REPUBLIKA.CO.ID, JAKARTA – Sindikat perdagangan eksploitasi anak di bawah umur secara seksual dan ekonomi di Penjaringan, Jakarta Utara merupakan persoalan yang tak bisa ditawar menawar. Wakil Ketua Lembaga Perlindungan Saksi dan Korban Republik Indonesia (LPSK RI) Antonius PS Wibowo menegaskan selain memproses hukum ada hal lain yang juga tak kalah penting, yaitu perlindungan terhadap anak yang menjadi korban.
LPSK, kata dia, mendukung aparat penegak hukum memproses para pelaku perdagangan dan eksploitasi anak di bawah umur. "Dukungan itu termasuk kesiapan LPSK RI memberikann perlindungan kepada anak korban sesuai Pasal 5 dan Pasal 6 Undang-Undang Nomor 31 Tahun 2014 tentang Perubahan Atas Undang-Undang Nomor 13 Tahun 2006 tentang Perlindungan Saksi dan Korban," ujar Antonius dalam keterangannya, Sabtu (25/1) lalu.

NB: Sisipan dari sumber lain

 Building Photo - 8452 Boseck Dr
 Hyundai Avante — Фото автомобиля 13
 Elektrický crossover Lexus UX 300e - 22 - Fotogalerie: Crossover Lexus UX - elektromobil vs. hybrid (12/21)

Menurut Antonius, inti dari kedua pasal tersebut adalah anak korban kekerasan seksual dan atau korban tindak pidana perdagangan orang (TPPO) berhak atas perlindungan dari LPSK serta dapat mengakses layanan yang disediakan negara melalui LPSK, mulai bantuan medis, rehabilitasi psikologis maupun rehabilitasi psikososial.
“LPSK berharap kasus (eksploitasi anak di bawah umur secara ekonomi dan seksual di Penjaringan, Jakarta Utara) tersebut dapat diproses berdasarkan UU Perlindungan Anak dan sekaligus UU Pemberantasan Tindak Pidana TPPO,” kata Antonius.
Karena, sambung dia, jika kasus ini akan diproses berdasarkan UU Tindak Pidana TPPO, pihak kepolisian dapat langsung memintakan perlindungan bagi anak korban kepada LPSK. Namun, seandainya diproses menggunakan Undang-Undang Perlindungan Anak, LPSK berharap elemen masyarakat yang peduli dengan perlindungan anak, semisal Lembaga swadaya masyarakat (LSM) maupun Lembaga bantuan hukum (LBH) bersedia menjadi pendamping dan memintakan perlindungan ke LPSK.
“Berdasarkan kewenangan yang dimandatkan Undang-Undang Perlindungan Saksi dan Korban, LPSK RI juga bisa melakukan tindakan proaktif untuk memberikan perlindungan bagi anak korban,” tegas Antonius.
Ia menekankan, kementerian, lembaga atau satuan kerja perangkat daerah (SKPD) yang memiliki tugas, pokok dan fungsi perlindungan anak, juga dapat mengambil peran sebagai pendamping dan memohonkan perlindungan bagi anak korban ke LPSK.
“Langkah selanjutnya, LPSK akan menggandeng K/L dan SKPD/pemda terkait untuk bersama-sama memberikan perlindungan dan layanan medis, psikologis, psikososial, dan hak lainnya bagi anak korban pelacuran/TPPO itu,” tegas Antonius.
Sebab, lanjut dia, menurut kedua undang-undang itu, baik UU Perlindungan Anak maupun UU Pemberantasan Tindak Pidana TPPO, pemerintah pusat dan daerah mempunyai kewajiban untuk bertanggung jawab pada masalah perlindungan anak dan penanganan korban.
Diketahui, Polda Metro Jaya membekuk enam tersangka sindikat perdagangan dan eksploitasi anak di bawah umur secara seksual dan ekonomi. Mereka diketahui memaksa dan mempekerjakan 10 anak perempuan sebagai pekerja seks komersial (PSK) di Cafe Khayangan, Jalan Rawa Bebek, RT 02/RW 13, Penjaringan, Jakarta Utara. Enam tersangka yang ditangkap masing-masing berperan sebagai pemilik kafe bersama dan mucikari.